#### TASK MATERIAL

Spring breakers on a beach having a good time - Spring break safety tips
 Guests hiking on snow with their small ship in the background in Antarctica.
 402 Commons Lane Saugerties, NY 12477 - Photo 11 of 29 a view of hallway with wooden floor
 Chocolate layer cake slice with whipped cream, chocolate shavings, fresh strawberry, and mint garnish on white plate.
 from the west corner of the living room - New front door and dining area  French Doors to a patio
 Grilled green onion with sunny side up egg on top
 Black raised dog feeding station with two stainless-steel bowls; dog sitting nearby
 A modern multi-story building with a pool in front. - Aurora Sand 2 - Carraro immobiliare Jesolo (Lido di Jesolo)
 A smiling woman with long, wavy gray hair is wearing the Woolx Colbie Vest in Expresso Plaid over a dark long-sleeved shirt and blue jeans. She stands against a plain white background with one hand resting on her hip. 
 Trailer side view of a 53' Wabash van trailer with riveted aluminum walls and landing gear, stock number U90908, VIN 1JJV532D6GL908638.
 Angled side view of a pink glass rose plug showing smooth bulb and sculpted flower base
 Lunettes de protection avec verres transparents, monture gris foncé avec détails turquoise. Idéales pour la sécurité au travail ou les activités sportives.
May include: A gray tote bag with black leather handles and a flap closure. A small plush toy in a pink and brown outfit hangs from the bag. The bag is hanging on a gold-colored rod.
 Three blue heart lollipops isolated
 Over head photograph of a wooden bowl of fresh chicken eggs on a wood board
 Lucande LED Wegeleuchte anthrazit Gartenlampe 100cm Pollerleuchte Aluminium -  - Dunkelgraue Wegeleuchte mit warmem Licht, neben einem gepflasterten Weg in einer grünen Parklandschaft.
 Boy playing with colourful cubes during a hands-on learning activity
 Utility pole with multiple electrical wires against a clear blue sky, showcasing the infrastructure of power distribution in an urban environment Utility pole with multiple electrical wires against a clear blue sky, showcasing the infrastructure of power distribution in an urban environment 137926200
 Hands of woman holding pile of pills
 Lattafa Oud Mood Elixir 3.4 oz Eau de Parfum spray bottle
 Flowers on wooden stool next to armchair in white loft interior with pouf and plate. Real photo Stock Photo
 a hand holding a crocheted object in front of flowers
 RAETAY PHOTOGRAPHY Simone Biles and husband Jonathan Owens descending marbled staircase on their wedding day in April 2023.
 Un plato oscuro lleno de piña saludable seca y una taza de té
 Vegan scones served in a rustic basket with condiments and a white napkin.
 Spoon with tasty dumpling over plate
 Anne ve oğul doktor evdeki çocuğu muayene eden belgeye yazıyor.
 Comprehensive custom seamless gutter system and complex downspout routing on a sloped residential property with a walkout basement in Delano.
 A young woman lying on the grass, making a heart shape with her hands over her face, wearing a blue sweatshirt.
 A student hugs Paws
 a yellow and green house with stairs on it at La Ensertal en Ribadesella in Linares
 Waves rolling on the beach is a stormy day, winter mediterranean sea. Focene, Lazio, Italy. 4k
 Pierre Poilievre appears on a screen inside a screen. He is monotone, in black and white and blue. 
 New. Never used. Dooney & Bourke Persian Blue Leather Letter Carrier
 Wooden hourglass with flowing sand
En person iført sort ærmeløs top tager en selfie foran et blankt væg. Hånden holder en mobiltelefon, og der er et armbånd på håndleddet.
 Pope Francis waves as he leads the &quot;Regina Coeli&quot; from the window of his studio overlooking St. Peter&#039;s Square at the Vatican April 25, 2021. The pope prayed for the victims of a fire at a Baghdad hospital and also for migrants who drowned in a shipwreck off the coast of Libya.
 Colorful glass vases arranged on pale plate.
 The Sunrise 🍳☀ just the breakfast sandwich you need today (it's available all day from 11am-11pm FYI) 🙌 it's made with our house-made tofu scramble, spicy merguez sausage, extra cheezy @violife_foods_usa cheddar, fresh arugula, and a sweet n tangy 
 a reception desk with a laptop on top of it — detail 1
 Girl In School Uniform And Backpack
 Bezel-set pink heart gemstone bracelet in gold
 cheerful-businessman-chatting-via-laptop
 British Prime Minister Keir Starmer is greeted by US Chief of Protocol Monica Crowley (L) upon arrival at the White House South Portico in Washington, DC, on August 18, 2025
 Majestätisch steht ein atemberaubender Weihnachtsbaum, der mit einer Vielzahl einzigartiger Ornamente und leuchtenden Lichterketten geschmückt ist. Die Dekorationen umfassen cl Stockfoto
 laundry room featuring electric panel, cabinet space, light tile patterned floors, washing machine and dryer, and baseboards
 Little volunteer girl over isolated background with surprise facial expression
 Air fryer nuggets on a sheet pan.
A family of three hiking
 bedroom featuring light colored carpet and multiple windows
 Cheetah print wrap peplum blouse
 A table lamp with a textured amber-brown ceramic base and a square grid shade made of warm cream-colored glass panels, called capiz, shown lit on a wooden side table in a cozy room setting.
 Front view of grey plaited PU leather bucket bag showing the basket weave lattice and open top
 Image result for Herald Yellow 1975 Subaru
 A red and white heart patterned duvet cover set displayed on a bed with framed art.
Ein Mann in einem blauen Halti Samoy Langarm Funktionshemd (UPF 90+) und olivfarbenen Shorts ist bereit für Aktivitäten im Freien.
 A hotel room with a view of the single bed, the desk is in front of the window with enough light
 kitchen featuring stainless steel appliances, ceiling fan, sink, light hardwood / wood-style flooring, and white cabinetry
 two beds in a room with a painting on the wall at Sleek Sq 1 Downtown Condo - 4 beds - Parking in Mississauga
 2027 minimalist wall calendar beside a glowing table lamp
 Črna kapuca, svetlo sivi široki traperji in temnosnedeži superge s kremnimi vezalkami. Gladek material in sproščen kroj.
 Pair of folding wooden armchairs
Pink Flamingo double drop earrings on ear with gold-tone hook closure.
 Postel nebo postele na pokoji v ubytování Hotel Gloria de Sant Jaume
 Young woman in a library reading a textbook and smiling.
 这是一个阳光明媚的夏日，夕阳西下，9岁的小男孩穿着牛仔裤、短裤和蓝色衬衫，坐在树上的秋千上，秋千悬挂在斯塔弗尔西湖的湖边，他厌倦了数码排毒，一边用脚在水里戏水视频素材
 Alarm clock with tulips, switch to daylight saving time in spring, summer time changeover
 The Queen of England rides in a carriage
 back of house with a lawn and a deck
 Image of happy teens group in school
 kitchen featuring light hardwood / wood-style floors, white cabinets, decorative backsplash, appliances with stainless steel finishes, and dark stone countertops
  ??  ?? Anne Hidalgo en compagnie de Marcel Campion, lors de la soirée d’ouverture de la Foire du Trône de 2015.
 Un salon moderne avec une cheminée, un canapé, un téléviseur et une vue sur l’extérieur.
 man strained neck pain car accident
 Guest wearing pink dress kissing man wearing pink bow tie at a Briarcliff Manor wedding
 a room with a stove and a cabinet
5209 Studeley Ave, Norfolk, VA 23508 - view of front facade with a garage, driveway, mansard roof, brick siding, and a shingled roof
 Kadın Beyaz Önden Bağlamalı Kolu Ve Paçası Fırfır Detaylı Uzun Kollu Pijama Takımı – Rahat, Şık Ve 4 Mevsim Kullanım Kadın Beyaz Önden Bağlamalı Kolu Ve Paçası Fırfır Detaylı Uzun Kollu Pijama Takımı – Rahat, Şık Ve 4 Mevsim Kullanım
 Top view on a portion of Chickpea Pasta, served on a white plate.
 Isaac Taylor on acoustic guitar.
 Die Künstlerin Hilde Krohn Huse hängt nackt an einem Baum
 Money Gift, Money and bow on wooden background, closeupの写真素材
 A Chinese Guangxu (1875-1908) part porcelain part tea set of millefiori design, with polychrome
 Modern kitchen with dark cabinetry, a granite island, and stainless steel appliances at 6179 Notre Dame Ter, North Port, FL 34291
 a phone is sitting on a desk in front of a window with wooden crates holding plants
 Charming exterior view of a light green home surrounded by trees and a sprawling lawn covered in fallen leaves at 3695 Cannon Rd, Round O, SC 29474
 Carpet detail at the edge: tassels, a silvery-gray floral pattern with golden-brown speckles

########

EXERCISE INSTRUCTIONS – Only the lines above from the line with "Pope Francis waves" to the line with "Colorful glass vases arranged on pale plate.", those two lines included, should be reproduced exactly.

EXPECTED ANSWER –
 Pope Francis waves as he leads the &quot;Regina Coeli&quot; from the window of his studio overlooking St. Peter&#039;s Square at the Vatican April 25, 2021. The pope prayed for the victims of a fire at a Baghdad hospital and also for migrants who drowned in a shipwreck off the coast of Libya.
 Colorful glass vases arranged on pale plate.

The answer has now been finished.